Follow budget categories and restrictions as outlined in previous proposals and on the website. Be specific and detailed in your request, up to $4500. You may use this budget template to estimate your expenses.

Examples of high-quality proposals (approved before this template was created, hence the different format):

Sarah Cashdollar, Pregnancy and Motherhood as Identity Negotiation
Ryan Murphy, The Social Significance of Bronze Age Roundhouses in Ireland

Student Conference Attendance

The primary goal of the Claire Garber Goodman Fund is to facilitate student and faculty research. Sometimes the research process can come to include the presentation of this work at professional or student conferences, often with a mentor. We encourage students to present the results of their research in such settings, but can provide only limited funding for such activities.

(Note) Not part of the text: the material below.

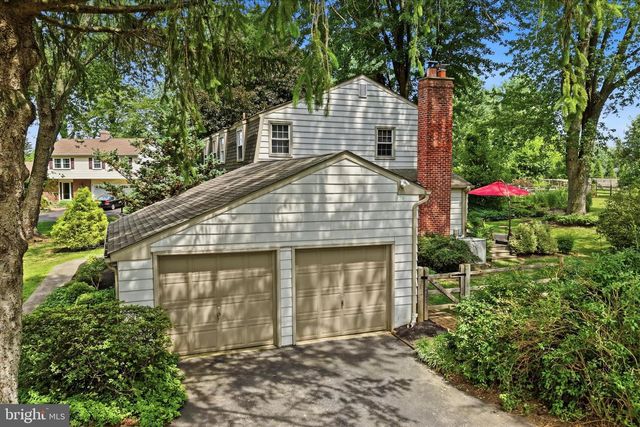 7 MANOR VIEW CIR, Malvern, PA 19355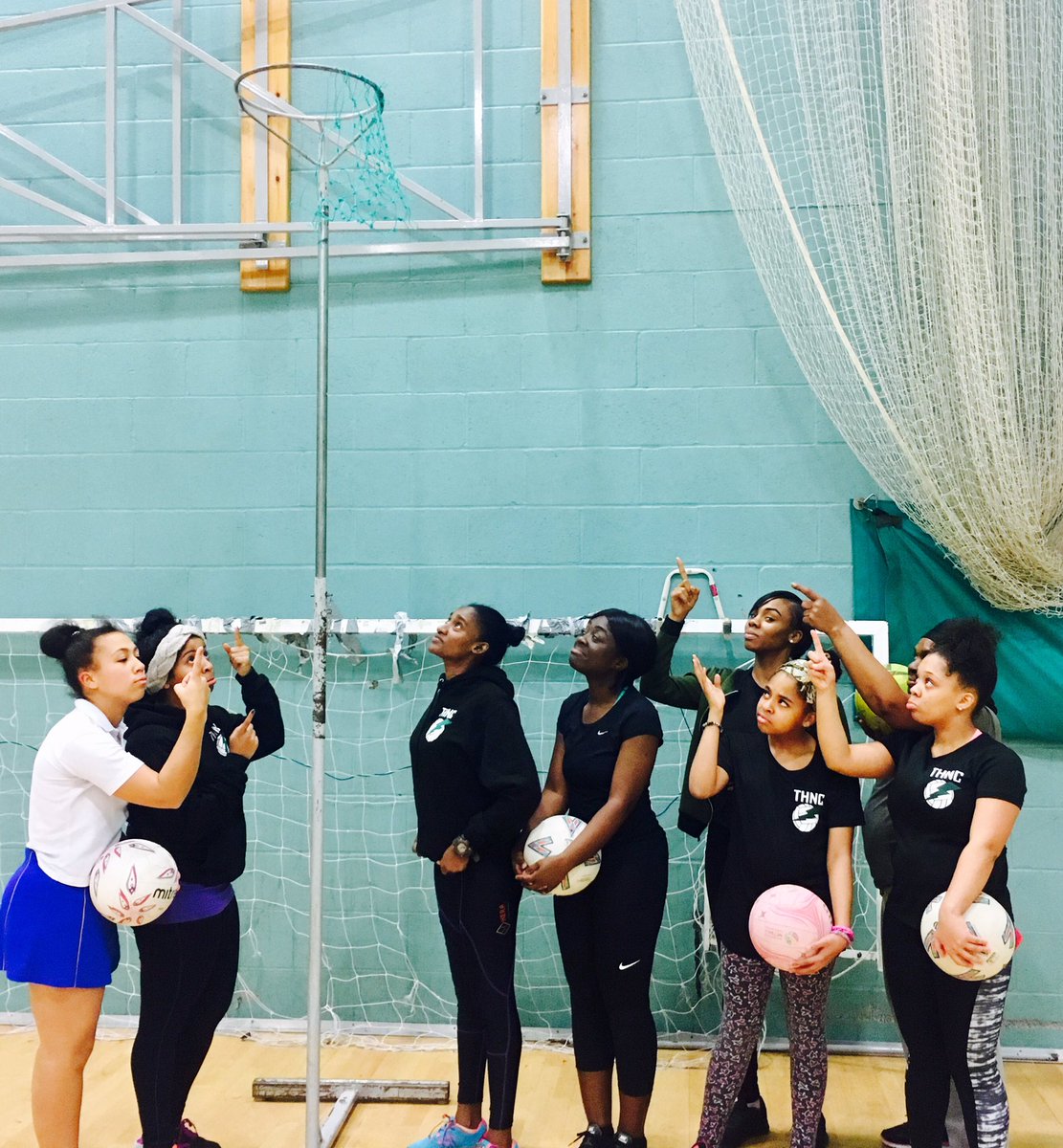 ThorntonHeathNC's tweet photo. No filter can make our posts happier! #sadnetballposts #theyfalldown #help https://t.co/MH6Jo937fU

If a student anticipates that one of the core outcomes of the research will be presentation of a paper or poster at a conference, we encourage the student to include this information in the initial Goodman Grant application under “Anticipated Outcomes” and to include the costs associated with conference participation in the original grant budget, although these costs should not exceed $500. Students are also encouraged to pursue funding from other sources on campus (Undergraduate Deans, Rockefeller Center, etc.) Release of funds for conference participation will be contingent on approval by the student’s mentor.

If the student does not or cannot anticipate the possibility of attending a conference at the time of submitting her original proposal but discovers such an opportunity during or after field research, or in the course of working as a research assistant with a faculty member, the student is requested to submit, with mentor approval, a proposal using the following template.

Review of conference travel proposals will follow the same process as full research proposals, but will be handled on a rolling basis, as opposed to at fixed deadlines throughout the academic year.

We also encourage students to seek conference funding from other programs on campus, including academic centers.

Student Conference Travel Template

Original Research Proposal Abstract (200 words) or abstract of paper or poster to be presented at the conference.

Respond to the following questions:

  1. What conference / workshop do you propose to attend?
  2. Where and when will this event be held?
  3. Will you attend the conference on your own or with your faculty mentor?
  4. Has your research already been accepted to present at this event, or is acceptance pending?
  5. Have you sought other sources of funding to attend this conference? If no, why not? If yes, where have you applied and what is the status of this request?
  6. How have you been involved in the research undergirding the conference presentation to be delivered at this event?
  7. How will attending this conference contribute to your intellectual growth?

Faculty Research Proposals

Proposals submitted by Anthropology faculty should incorporate the same elements as above. They should be concise and they are due on the same date as student proposals.